中年兄妹+高齢母の〈終の棲家〉に、突然〈お嫁さん〉がやってきた!…居場所を失う妹「出て行きたいけど、出て行けない…」悲惨すぎる状況のワケ
不動産を「家族みんなのもの」として、共有名義にしているご家族は少なくありません。しかし、時間の経過とともに家族それぞれの事情が変化すると、不動産の共有が、大きなトラブルのタネとなることがあります。相続実務士である曽根惠子氏(株式会社夢相続代表取締役)が、実際に寄せられた相談内容をもとに、生前対策について解説します。 年金に頼らず「夫婦で100歳まで生きる」ための貯蓄額
「大切な不動産、親族みんなのものに…」という過ち
当然ですが、不動産は大切な財産です。そして、そんな大切な財産を「みんなの持ち物」として、共有名義にしているご家族は珍しくありません。 不動産が共有名義となるのは、たいてい、不動産の相続時か購入時です。相続人の公平を期すため、分けにくい不動産を相続人たちの共有としたり、不動産の購入時に、家族で資金を出し合うことで、資金の割合に応じて権利を登記したりすることで、不動産が共有状態となります。 当初は円満でも、その後、状況の変化や感情の変化などによって意見が合わなくなり、トラブルになることはよくあります。筆者のもとに相談が持ち込まれた時点で、すでに激しく対立し、家族間での話し合いが成立しないところまで来ているケースも多いのです。 今回は、不動産の共有にまつわるトラブルについて、2つの典型的なケース例を紹介します。

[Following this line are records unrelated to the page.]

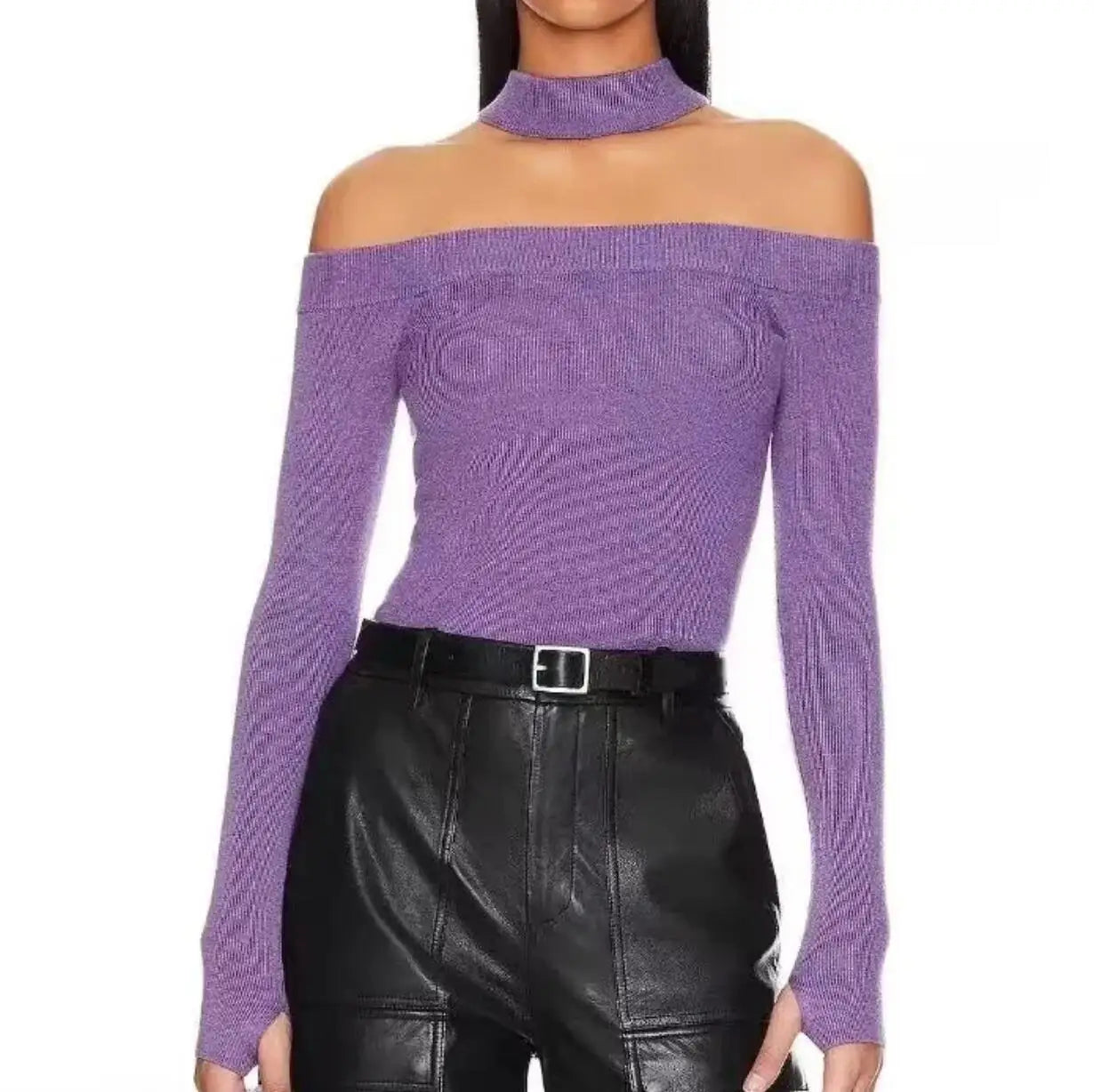 Taye Choker Off the Shoulder Purple Knit Top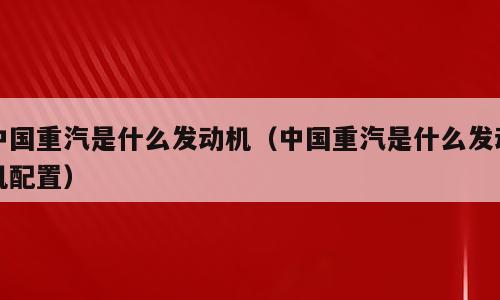 中国重汽是什么发动机（中国重汽是什么发动机配置）
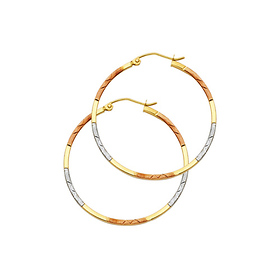 Diamond-Cut Flat Medium Hoop Earrings - 14K Tricolor Gold 1.5mm x 1 inch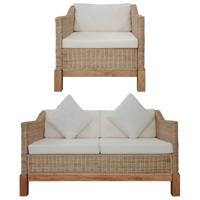 2-delig Bankstel met kussens natuurlijk rattan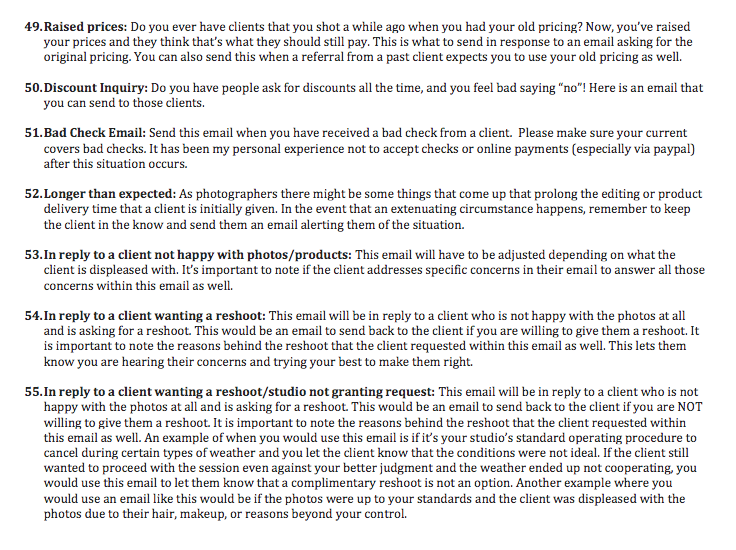 75 Prewritten Photography Email Templates | Photographer Workflow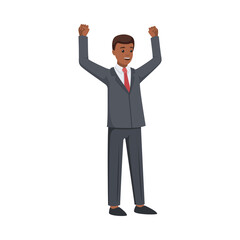 Office African American Man Character in Suit and Red Tie Standing and Cheering with Raised Hands Celebrating Success Vector Illustration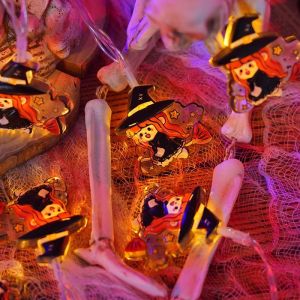 🔥Bán chạy🔥20 Đèn Halloween chuỗi ma Phù Thủy bí ngô Led chạy bằng pin đèn dây mạng nhện Bộ Xương xác ướp cướp biển hình dạng Nhà Bên vườn bầu không khí Đèn trang trí đạo cụ
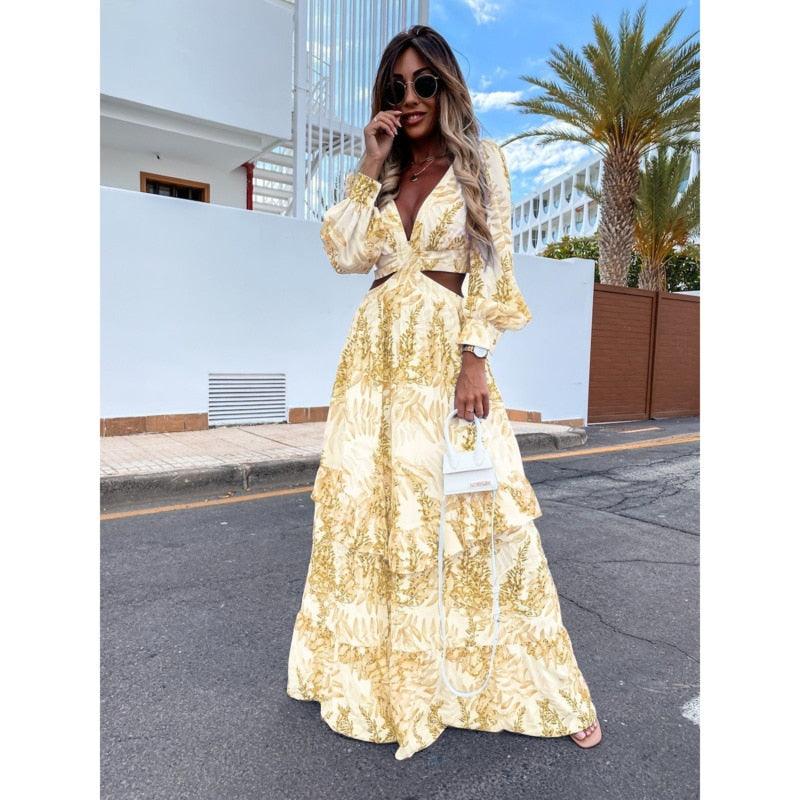Women’s Flowy Fit V-Neck Waist Cut-Out Long Puff Sleeve Maxi Dress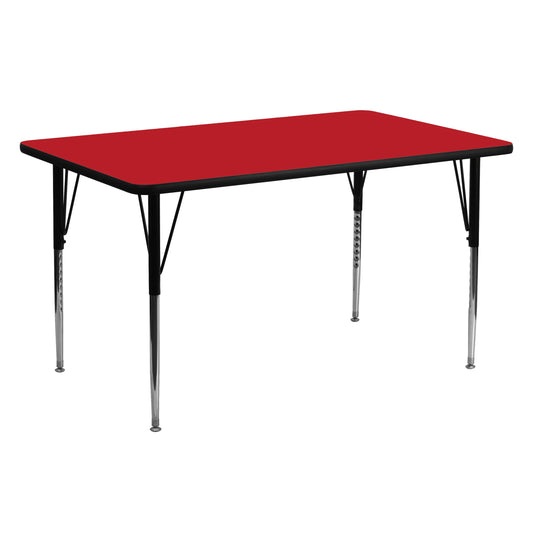 Wren 24''W x 60''L Rectangular Red HP Laminate Activity Table - Standard Height Adjustable Legs Red XU-A2460-REC-RED-H-A-GG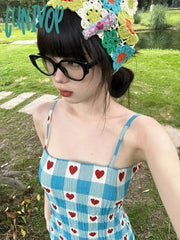 Lunivop Korean Sweet Heart Plaid Print Dress For Women Summer New Slim Fit Camisole Dresses Y2K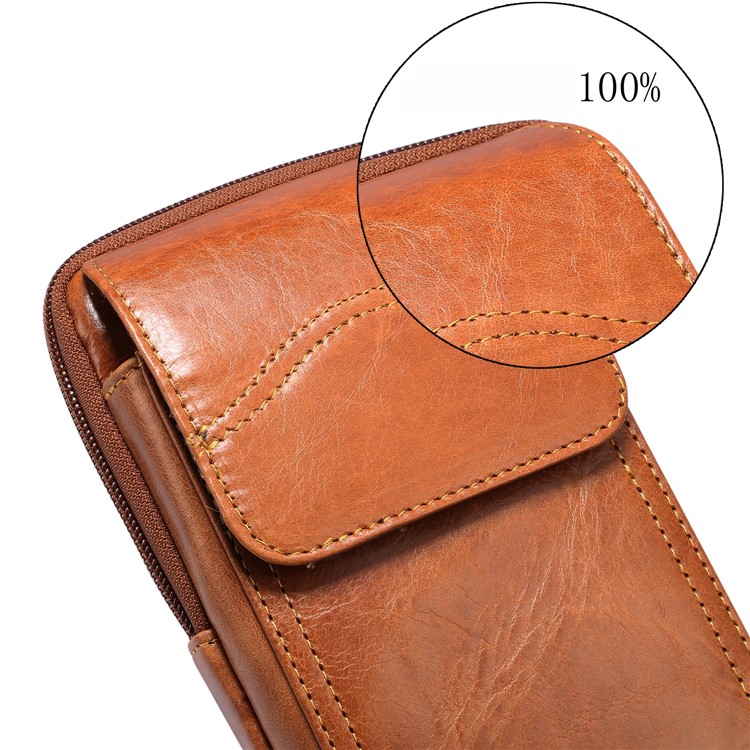 Universal Authentique Cuir Suspendu Sac de Taille de Téléphone Sachet de Téléphone Sac de Téléphone Sac à Bandoulière Pour 6.3 / 6.5 / 6.7 / Smartphones de 6,9 ​​pouces - Brown, L-5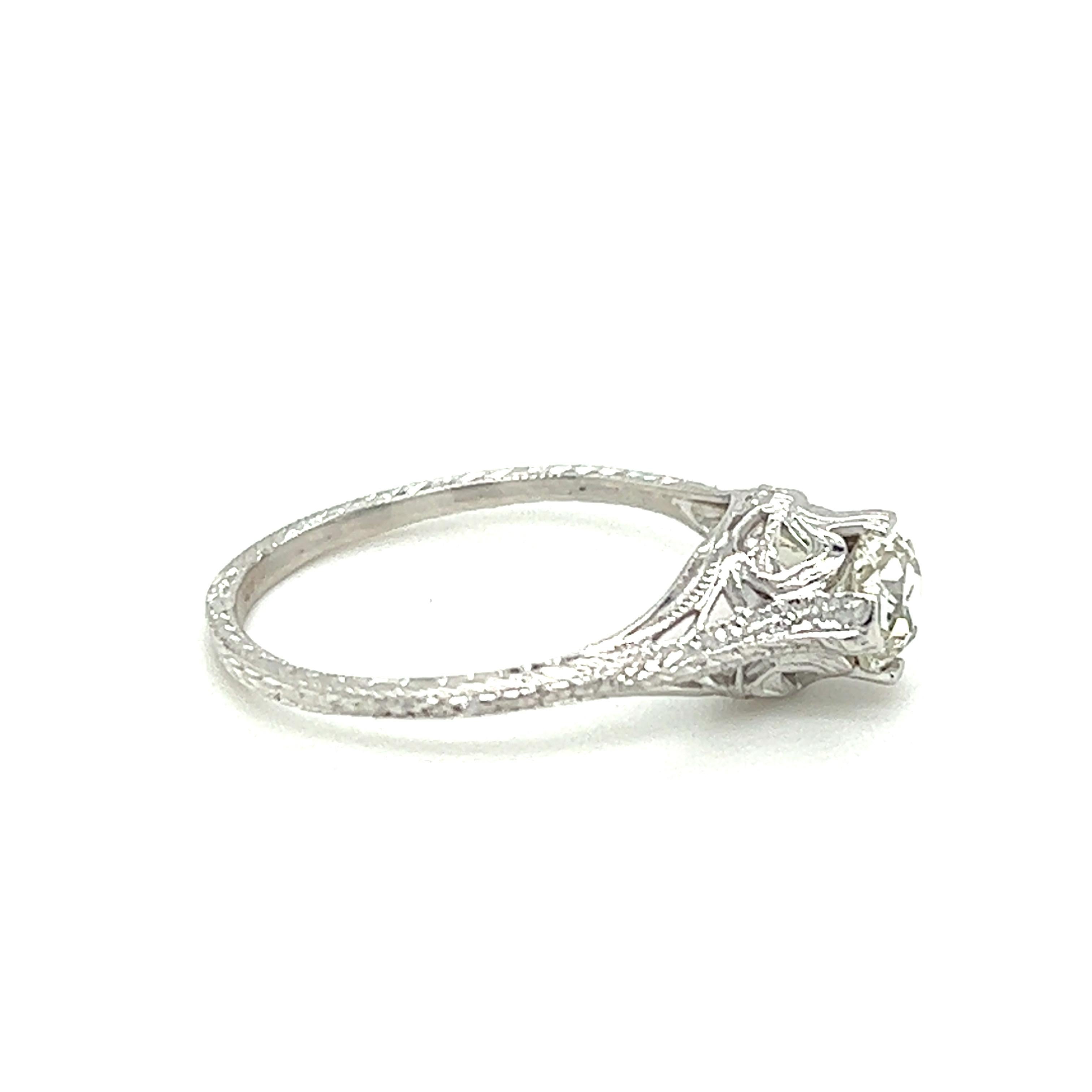 Art Deco 0.57 Ct Antique Cushion Cut Diamond Engagement Ring in 18k White Gold In Good Condition For Sale In Towson, MD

【事例1】共有のアパートを売りたいが、意見が合わず膠着状態
野村さん(50代)は、父親の死後、母親ときょうだい3人の合計4人でアパートを共有として相続しました。持分の割合は、母親が2分の1、野村さんと2人の弟がそれぞれ6分の1という法定割合です。 父親の遺産は自宅とアパート、現預金はごくわずかです。遺言書がなかったことから家族で話し合いを行いましたが、自宅はそこに暮らす母親が相続することは決定したものの、アパートをどうするかがまとまらず、申告期限が迫ったことで、共有状態としました。 アパートは自宅よりも評価が高く、父親の財産のなかで一番価値があります。自宅の評価は2,000万円程度でしたが、アパートの評価は4,000万円程度であり、不動産会社からは、売却するなら5,000万円程度だといわれていました。 「相続のとき、最初は弟たちもアパートの売却に賛成でした。ところが、母が〈お父さんが遺したものなのに〉といって強く反対したのです。では、だれが相続するのかということで結論が出ず、結局は申告期限が迫ったことで、法定割合で相続したのですが…」 しばらく共有状態で運営を続けてきましたが、母親は当初より、家賃を一切子どもたちに分配しません。そのため、名義があっても子どもたちにはメリットがありません。野村さんはそんな共有状態のアパートがわずらわしく、また、自分の子どもたちの進学で現金が必要となったことから、アパートを手放したいと考えています。 「母親も年齢を重ね、不安があるのでしょう。お金にひどく固執するようになりました。弟たちは弟たちで、アパートの収益を狙っており、きょうだい関係が緊張しています。私はいまお金が必要なので、自分の持ち分を手放したいのですが…」 「それに、もしここで私や弟に万一のことがあったら、さらにめんどくさいことになってしまう…」 そういって頭を抱えています。